Photo via Improv Everywhere
This response is posted on behalf of Jeff Sallaz.
The idea of aesthetic labor is a fascinating one. What does it mean to get paid to create beauty? A beautician by definition engages in aesthetic labor, but so too does an avante-garde film-maker. Are we justified to compare what happens in a hair salon with what occurs in a movie studio? In both cases we find work that is extremely difficult to routinize or mechanize. (Are you a Flowbee user? Nuff said.) And in both cases we find that acts of production and consumption are united in a way that complicates Marx’s notion of commodity fetishism (witness the cult of the auteur).

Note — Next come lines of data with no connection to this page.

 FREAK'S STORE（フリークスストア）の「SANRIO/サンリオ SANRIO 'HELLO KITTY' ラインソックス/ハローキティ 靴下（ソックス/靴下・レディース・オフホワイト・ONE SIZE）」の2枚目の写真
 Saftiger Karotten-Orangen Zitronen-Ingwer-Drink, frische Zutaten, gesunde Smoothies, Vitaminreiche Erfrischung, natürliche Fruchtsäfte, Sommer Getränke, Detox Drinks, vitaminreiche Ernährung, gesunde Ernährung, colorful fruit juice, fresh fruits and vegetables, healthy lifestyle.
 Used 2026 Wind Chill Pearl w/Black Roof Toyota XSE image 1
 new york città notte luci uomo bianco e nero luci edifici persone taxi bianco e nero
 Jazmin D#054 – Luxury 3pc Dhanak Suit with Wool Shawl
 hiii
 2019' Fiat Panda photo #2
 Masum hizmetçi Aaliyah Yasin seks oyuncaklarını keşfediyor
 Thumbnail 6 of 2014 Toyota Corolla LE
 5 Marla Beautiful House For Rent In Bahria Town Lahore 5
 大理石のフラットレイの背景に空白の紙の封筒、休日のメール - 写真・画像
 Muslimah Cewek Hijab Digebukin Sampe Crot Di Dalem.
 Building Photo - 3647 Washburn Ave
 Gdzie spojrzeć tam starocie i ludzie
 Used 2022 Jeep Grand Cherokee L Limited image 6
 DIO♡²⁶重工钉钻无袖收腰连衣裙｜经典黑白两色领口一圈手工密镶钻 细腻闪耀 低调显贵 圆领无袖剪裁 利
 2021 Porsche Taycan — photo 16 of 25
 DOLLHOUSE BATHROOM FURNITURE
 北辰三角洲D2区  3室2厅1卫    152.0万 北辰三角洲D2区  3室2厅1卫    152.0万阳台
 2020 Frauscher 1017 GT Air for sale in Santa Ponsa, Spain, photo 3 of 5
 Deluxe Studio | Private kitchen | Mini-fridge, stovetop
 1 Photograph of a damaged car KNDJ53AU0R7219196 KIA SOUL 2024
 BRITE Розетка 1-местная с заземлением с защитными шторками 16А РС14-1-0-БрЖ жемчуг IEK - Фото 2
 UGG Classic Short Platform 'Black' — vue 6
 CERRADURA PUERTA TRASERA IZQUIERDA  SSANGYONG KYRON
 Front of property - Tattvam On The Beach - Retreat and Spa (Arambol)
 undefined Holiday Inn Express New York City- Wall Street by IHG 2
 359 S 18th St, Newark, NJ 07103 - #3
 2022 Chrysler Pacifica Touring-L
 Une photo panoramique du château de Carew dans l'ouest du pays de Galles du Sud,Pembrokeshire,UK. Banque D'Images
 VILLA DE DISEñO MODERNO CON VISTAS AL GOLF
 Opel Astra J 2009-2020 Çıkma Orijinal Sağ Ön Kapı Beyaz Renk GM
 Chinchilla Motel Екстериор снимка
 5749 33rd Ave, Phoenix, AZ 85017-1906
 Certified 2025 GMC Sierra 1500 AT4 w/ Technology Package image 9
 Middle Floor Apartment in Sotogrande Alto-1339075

But surely aesthetic labor is not all of one stripe. I suppose we could differentiate between those whose work entails beautifying the self and those who beautify some other or object. Ashley Mear’s recent book studies runway models, who must engage in fastidious management of their own bodies to meet the often-nebulous standards of the fashion-industrial complex. In a forthcoming article, I present comparative ethnographic data on architects and marketers. Middle-aged and not exactly in runway shape, these (mostly) male professionals spend a great deal of their time dreaming up designs that embody something essential about themselves.
Variation within existing forms of aesthetic labor is something that sociologists would seem to be well-equipped to study. If ever there was a market activity that is “embedded” in the social, this is it. Standards of beauty vary historically, cross-nationally, and across social groups/classes. In capitalist economies, entire industries exist wherein aesthetic labor is driven by the profit imperative. Even so, aesthetic laborers tend to think of themselves as autonomous from market forces. Social, cultural, and political conventions, in brief, form a context within which aesthetic labor must be situated.
Then there are the basic material foundations for aesthetic labor. As Pierre Bourdieu and Howard Becker argued, worlds of art and beauty rely upon vast institutional infrastructures, themselves dependent on resources and funding. You can’t have artists without art classes, and you can’t have art classes without easels and pastels. Unfortunately, the United States and Europe appear set on gutting state funding for arts and culture. Austerity over aesthetics for Athens and Atlanta. But as the rest of the world continues to grow and urbanize, aesthetic labor should become increasingly common in places where previously a “taste of necessity” ruled. I expect that more and more sociologists will study aesthetic labor—hopefully from a cross-cultural perspective.
Jeff Sallaz is Assistant Professor of Sociology at the University of Arizona. His interests include work, economic sociology, political sociology, deviance, and social theory.